* Supplied material *
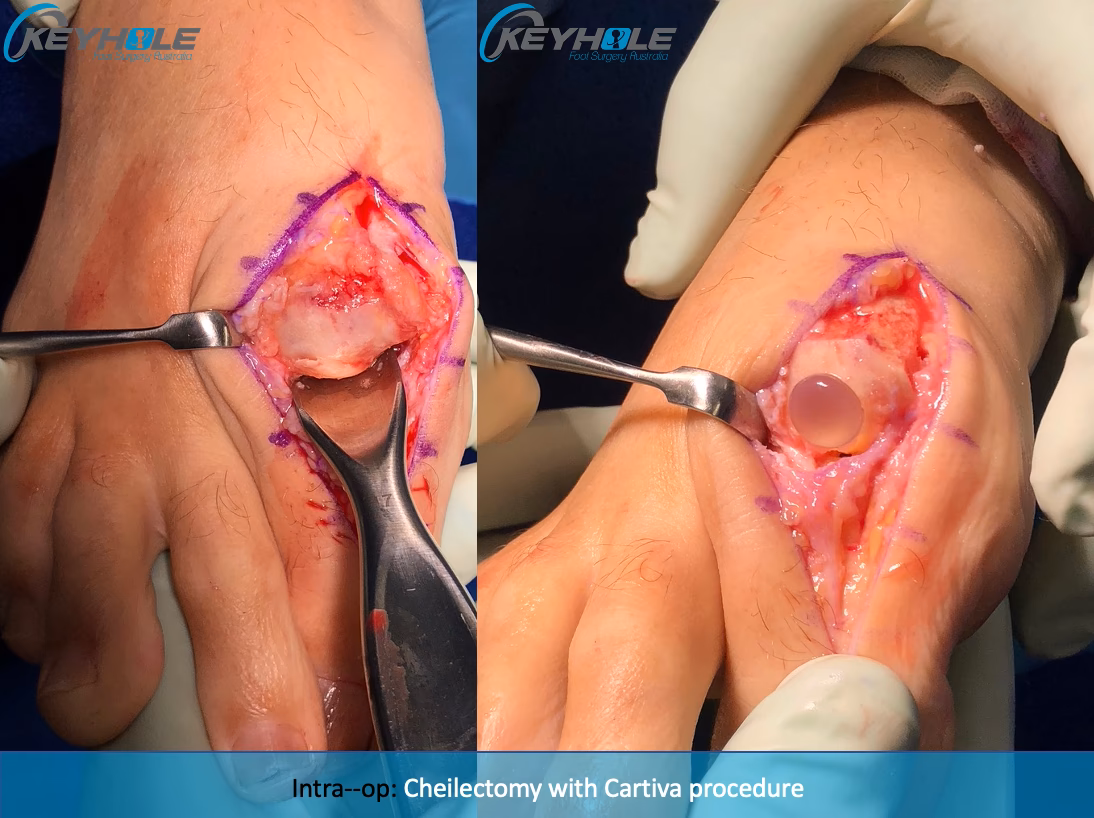 Can A cheilectomy be done with a hallux rigidus?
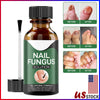 Anti Fungal Nail Treatment Nail Finger Toe Fungus Onychomycosis Remover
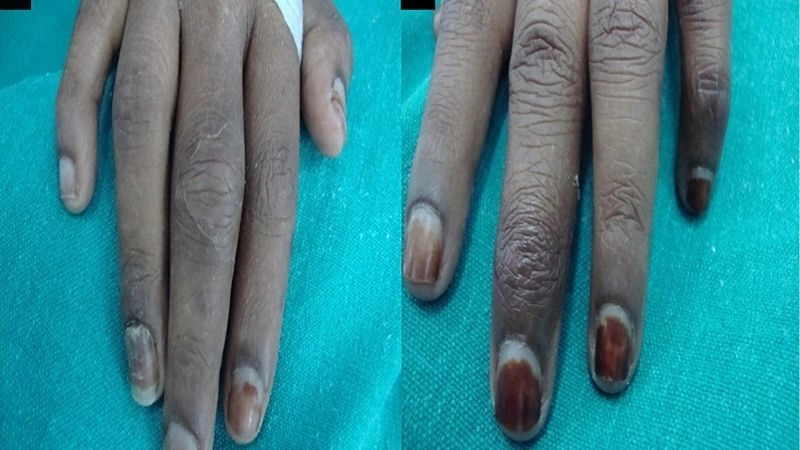 Polyarteritis Nodosa treatment with medical therapy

* What is being asked *
This task calls for the listing to be restated exactly, with images omitted.

* Result for this task *
 Can A cheilectomy be done with a hallux rigidus?
 Anti Fungal Nail Treatment Nail Finger Toe Fungus Onychomycosis Remover
 Polyarteritis Nodosa treatment with medical therapy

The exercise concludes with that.